WORK ORDER: Check each line of the records below for the word "Used" and copy those where it appears.

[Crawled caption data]

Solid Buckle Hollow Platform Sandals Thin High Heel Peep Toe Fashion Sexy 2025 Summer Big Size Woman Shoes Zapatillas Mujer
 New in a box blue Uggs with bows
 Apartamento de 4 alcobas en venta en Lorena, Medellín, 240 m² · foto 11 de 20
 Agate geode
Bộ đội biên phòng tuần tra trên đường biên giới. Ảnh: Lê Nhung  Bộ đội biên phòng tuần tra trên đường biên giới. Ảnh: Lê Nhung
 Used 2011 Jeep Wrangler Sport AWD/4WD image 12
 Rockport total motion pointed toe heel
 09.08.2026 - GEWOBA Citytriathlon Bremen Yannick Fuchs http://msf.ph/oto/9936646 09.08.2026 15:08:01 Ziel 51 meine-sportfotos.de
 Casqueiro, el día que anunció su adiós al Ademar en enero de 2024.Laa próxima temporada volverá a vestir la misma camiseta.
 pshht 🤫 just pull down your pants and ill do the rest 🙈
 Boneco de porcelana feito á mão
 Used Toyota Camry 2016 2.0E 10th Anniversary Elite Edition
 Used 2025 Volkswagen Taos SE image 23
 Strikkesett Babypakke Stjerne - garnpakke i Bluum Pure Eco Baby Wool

SOLUTION:
 Used 2011 Jeep Wrangler Sport AWD/4WD image 12
 Used Toyota Camry 2016 2.0E 10th Anniversary Elite Edition
 Used 2025 Volkswagen Taos SE image 23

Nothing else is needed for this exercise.